Another big hit is Grafton Architects’ juxtaposition of large-scale photographs of the monastic settlement on Skellig Michael off the Kerry coast and the mountainous 15th-century Inca site of Machu Picchu in Peru, an inspired combination.
Both are iconic. What’s surprising is the close correspondence between the two. Grafton Architects was invited to exhibit at the biennale by its director, David Chipperfield, and, having won a competition to design a new university campus in Lima, it opted to celebrate the work of architect Paulo Mendes da Rocha (and they picked up an award).
Chipperfield also invited the participation of O’Donnell Toomey, whose main structure is not replicated, but its generous and inspiring display of the “architects, artists, writers, poets and performers” who sustain the practice is.

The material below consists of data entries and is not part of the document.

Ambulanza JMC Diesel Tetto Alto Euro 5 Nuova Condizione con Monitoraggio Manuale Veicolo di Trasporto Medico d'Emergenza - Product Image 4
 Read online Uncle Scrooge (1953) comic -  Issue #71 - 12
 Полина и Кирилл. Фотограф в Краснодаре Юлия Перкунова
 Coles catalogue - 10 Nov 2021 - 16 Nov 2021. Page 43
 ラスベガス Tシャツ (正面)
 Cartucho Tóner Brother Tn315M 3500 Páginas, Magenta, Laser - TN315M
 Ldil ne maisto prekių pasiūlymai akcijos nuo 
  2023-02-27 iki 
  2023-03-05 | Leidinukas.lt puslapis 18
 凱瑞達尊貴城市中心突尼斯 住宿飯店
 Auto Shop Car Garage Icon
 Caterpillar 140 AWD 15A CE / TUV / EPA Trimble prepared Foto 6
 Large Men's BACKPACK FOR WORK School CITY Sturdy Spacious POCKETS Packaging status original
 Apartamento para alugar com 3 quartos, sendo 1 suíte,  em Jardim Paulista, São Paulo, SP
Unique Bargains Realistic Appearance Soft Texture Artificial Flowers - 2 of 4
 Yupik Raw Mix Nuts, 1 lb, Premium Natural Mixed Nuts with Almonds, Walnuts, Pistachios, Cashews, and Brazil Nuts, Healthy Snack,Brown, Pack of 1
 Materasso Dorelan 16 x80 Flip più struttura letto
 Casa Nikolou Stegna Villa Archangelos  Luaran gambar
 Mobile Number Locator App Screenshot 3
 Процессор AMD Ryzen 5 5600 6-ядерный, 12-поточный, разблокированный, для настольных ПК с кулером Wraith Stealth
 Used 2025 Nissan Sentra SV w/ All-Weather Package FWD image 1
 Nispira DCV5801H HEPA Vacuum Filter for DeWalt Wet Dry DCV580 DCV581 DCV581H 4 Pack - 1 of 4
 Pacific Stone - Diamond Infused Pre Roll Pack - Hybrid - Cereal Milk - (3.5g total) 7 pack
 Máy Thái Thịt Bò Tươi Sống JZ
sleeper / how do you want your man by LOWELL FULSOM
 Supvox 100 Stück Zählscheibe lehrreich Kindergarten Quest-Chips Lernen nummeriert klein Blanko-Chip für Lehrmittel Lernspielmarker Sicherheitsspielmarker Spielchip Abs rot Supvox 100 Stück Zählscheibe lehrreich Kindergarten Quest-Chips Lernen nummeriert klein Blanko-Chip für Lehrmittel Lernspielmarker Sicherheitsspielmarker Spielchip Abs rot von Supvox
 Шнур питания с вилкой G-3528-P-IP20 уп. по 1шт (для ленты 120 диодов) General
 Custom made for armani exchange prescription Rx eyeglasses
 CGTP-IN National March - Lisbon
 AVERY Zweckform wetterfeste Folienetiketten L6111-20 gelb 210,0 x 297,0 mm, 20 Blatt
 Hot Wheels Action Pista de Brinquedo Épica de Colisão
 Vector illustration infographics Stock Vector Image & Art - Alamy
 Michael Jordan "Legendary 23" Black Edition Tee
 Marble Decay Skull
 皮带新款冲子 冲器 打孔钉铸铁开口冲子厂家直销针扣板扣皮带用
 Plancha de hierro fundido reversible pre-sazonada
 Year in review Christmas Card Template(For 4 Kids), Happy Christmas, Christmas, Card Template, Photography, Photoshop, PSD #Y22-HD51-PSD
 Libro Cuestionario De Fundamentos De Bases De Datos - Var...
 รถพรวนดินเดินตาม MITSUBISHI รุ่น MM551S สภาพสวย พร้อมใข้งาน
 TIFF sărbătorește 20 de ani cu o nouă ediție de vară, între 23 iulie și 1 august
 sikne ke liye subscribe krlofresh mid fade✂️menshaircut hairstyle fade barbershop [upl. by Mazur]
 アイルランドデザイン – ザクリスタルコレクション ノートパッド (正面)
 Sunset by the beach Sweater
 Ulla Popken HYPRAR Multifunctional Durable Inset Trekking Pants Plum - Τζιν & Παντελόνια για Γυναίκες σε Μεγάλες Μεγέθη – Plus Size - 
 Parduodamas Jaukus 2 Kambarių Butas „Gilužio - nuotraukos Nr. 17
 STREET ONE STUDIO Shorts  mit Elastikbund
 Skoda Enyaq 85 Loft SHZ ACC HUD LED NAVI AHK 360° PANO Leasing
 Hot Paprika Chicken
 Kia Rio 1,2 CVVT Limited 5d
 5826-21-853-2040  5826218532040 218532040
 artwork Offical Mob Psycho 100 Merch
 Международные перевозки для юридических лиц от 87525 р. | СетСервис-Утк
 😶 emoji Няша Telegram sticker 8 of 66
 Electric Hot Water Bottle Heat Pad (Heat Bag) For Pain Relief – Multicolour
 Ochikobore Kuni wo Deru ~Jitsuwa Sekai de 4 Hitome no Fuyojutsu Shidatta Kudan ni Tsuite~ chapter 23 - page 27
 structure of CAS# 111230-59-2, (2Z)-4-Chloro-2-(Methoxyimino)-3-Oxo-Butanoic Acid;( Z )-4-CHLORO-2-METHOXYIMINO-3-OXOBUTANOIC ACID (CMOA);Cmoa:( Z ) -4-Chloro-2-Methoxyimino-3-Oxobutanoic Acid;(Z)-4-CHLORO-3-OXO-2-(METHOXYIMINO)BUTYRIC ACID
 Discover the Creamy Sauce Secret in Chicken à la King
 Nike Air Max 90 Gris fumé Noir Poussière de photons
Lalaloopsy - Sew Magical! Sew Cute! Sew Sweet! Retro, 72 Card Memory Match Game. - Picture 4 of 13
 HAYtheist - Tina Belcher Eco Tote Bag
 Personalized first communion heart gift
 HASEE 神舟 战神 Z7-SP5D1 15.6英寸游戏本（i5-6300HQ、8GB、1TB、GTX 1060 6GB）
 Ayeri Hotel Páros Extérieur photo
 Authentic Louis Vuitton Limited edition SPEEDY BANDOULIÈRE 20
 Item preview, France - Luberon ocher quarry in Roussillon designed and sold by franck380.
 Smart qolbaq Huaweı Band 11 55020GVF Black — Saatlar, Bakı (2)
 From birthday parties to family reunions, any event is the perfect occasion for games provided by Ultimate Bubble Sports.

If you don’t read the label first, it may take you a while to figure out what photographer Richard Gilligan’s urban landscapes and portraits in DIY are about (they are published in book form by 1980 Éditions, a volume already out of print). Gilligan has skateboarded since his teens, and over a period of several years he has visited the unofficial skateboard arenas constructed by groups of enthusiasts throughout Europe and the US.
The practitioners of the phenomenon – also called DIY – form a distinct movement within skateboarding. A level of secrecy is necessary because they co-opt marginal, abandoned or neglected spaces and reinvent them, creating sculptural interventions as arenas.
Typically coverage of skateboarding concentrates on thrills and spills and the vagaries of youth culture. Gilligan does something much more profound, creating a series of classically contemporary urban landscapes that celebrate co-operative action in the making of social spaces. What might be thought of as marginal to or outside social norms, he suggests, actually encapsulates the essence of communal spirit and provides a blueprint for social action.